For arithmetic expressions, we need nodes such as:
integer literal
addition
multiplicationA simple AST node can use a tagged union.
const Expr = union(enum) {
integer: i64,
add: Binary,
multiply: Binary,
const Binary = struct {
left: *Expr,
right: *Expr,
};
};This says an expression is one of:
an integer
an addition node
a multiplication nodeThe binary nodes point to child expressions.
Parser State
The parser reads tokens one by one.
const Parser = struct {
allocator: std.mem.Allocator,
tokenizer: Tokenizer,
current: Token,
pub fn init(allocator: std.mem.Allocator, source: []const u8) Parser {
var tokenizer = Tokenizer.init(source);
return .{
.allocator = allocator,
.tokenizer = tokenizer,
.current = tokenizer.next(),
};
}
fn advance(self: *Parser) void {
self.current = self.tokenizer.next();
}
};The parser keeps the current token in self.current.
When it consumes a token, it calls advance.
Allocating AST Nodes
The parser needs memory for AST nodes.
fn createExpr(self: *Parser, expr: Expr) !*Expr {
const node = try self.allocator.create(Expr);
node.* = expr;
return node;
}This allocates one expression node and stores the given value.
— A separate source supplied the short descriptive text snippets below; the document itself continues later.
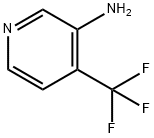 4-(Trifluoromethyl)pyridin-3-amine|3-氨基-4-三氟甲基吡啶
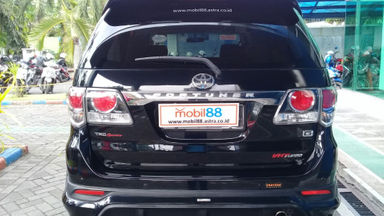 2015 Toyota Fortuner diesel vnt trd - Murah Jual Cepat Proses Cepat (s-4) 2015 Toyota Fortuner diesel vnt trd - Murah Jual Cepat Proses Cepat (s-4)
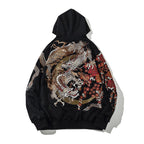 Youth Fashion Personalized Hoodie for Autumn | Streetwear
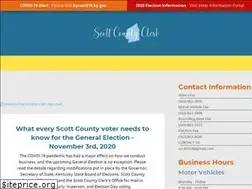 Sites similar to scottcountyclerk.com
A parser often uses an arena allocator for AST nodes. The whole tree can then be freed at once after compilation or evaluation.
Parsing Integer Literals
First parse the simplest expression: an integer.
fn parsePrimary(self: *Parser) !*Expr {
switch (self.current.tag) {
.integer => {
const value = try std.fmt.parseInt(i64, self.current.lexeme, 10);
self.advance();
return try self.createExpr(.{
.integer = value,
});
},
else => return error.ExpectedExpression,
}
}This reads an integer token and turns it into an AST node.
Input:
123AST:
integer 123Parsing Parentheses
Parentheses contain another expression.
fn parsePrimary(self: *Parser) !*Expr {
switch (self.current.tag) {
.integer => {
const value = try std.fmt.parseInt(i64, self.current.lexeme, 10);
self.advance();
return try self.createExpr(.{
.integer = value,
});
},
.left_paren => {
self.advance();
const expr = try self.parseExpression();
if (self.current.tag != .right_paren) {
return error.ExpectedRightParen;
}
self.advance();
return expr;
},
else => return error.ExpectedExpression,
}
}Now this works:
(1 + 2)The parser sees (, parses an expression inside it, then requires ).
Operator Precedence
This is where parsing becomes interesting.
The expression:
1 + 2 * 3should mean:
1 + (2 * 3)not:
(1 + 2) * 3Multiplication has higher precedence than addition.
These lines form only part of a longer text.